Luckily, the arts—music especially—provide a playground where we can discover and then rediscover the past in continuously experimental and captivating ways. In this edition of “Opera Meets Film,” I look at the recently released animated film “The Nose or the Conspiracy of Mavericks” by animator and director Andrey Khrzhanovsky, inspired by composer Dmitri Shostakovich’s 1930 opera “The Nose,” itself inspired by playwright Nikolai Gogol’s 1836 short story of the same name. 

A Little History

To understand Shostakovich’s first opera, “The Nose,” one needs a bit of historical context. In 1924, Vladimir Ilyich UlyanovVladimir Lenin—died. In his place, Joseph Vissarionovich Stalin rose to prominence, much to the dismay of many, including the majority of the Bolshevik party itself. Lev Davidovich Bronsteinbetter known as Leon Trotsky—had been a strong contender as Lenin’s replacement for the role of General Secretary of the Communist Party of the Soviet Union. However, due to a succession of criminal occurrences and duplicitous events, he was eventually run out of the country, leaving Stalin and his cabal to climb the ranks, purge their adversaries, and finally take over the Bolshevik party and the nation. 

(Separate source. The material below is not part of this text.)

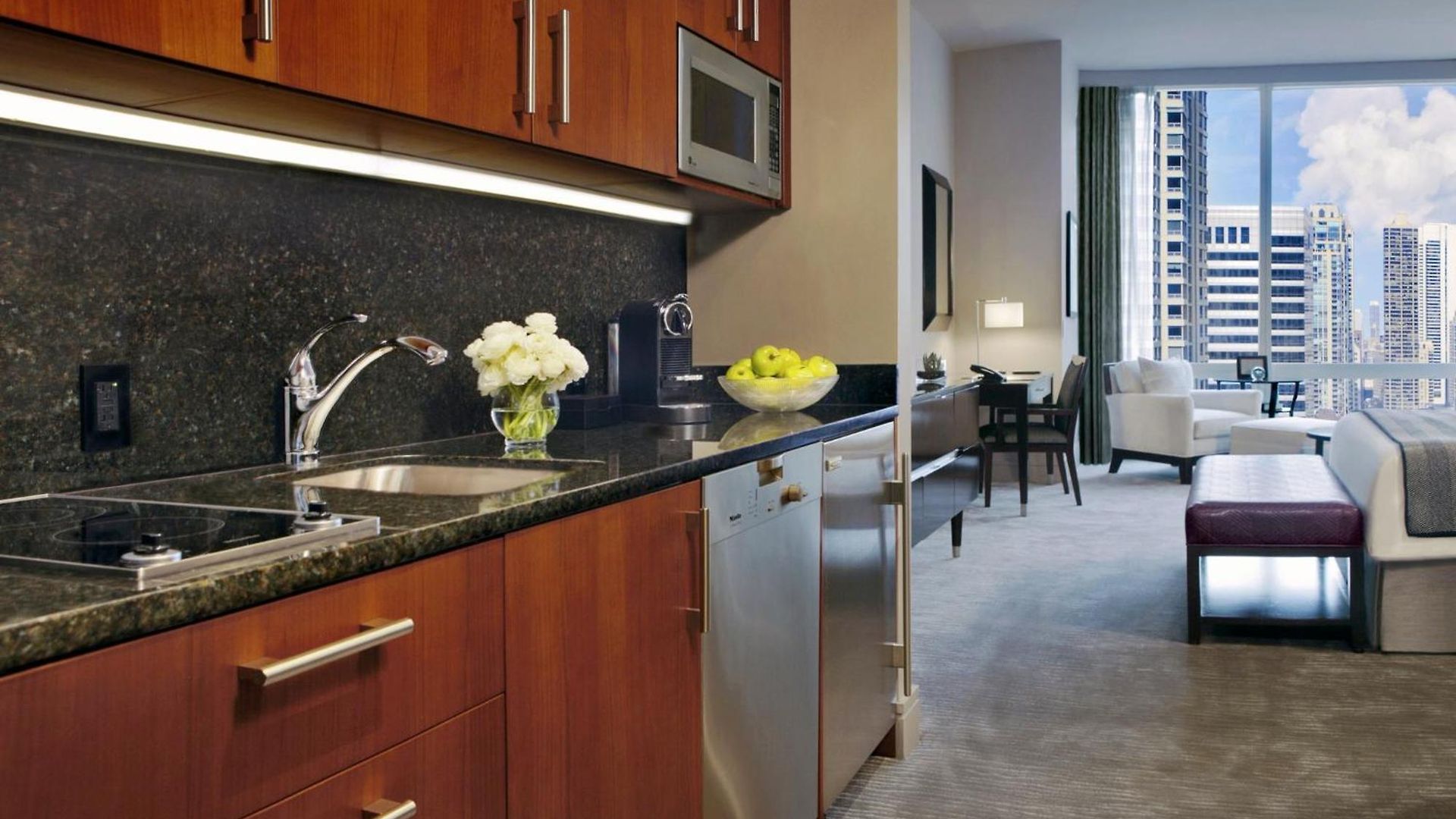 Hotel Trump International & Tower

It is important to note that before December 30th, 1922, the USSR did not exist. With its ratification, the history of Soviet Russia began. The early Soviet 1920s, before the emergence of Stalin and the consequent rise of “Stalinism,” were thoroughly saturated with utopianism and intense dreaming about the future of mankind itself, a carryover of symbolism, reminiscent of Alexander Scriabin’s “Prometheus.”

In early Soviet Russian culture this movement had been called Russian Futurism. By the late 1920s, however, following the rise of Stalin’s dictatorship, there had been a categorical change in the dream of Socialist utopianism. The cruel, unsexy, and brutal reality of what it meant to live in a Soviet nation had begun to dirty up the vibrant vision which Lenin and the early revolutionaries had promised to the disenchanted proletariat.

In terms of music, the Soviet 1920s were a time of great exploration and international exposure, although still heavily laden with Socialist rhetoric and propaganda. In 1918, Lenin nationalized music education, leading to heightened interest in folk music and other ‘national’ styles of music. The phenomenon of the “Mass Song”—an easily singable song with overtly pro-Socialist theming—had become the aesthetic norm for all Soviet music, along with concepts such as music accessibility and anti-formalism.

While Socialist Realism would not hit the Soviet scene until 1932, its formative beginnings were appreciable within Soviet musical life. The tension between musically manifesting the Soviet reality, versus encouraging the continued development of Soviet music a la European modernism, had caused an internal dialectic, personified in the institutional war between the RAPM (All-Russian Association of Proletariat Musicians) and the ASM (Association for Contemporary Music), the former thoroughly Socialist in their ideology yet conventional artistically speaking, while the latter advocated for revolution in all things but ideology. Intense factionalism between who would determine the future trajectory of Soviet music-making led to the short-lived movement of the Russian Avant-Garde.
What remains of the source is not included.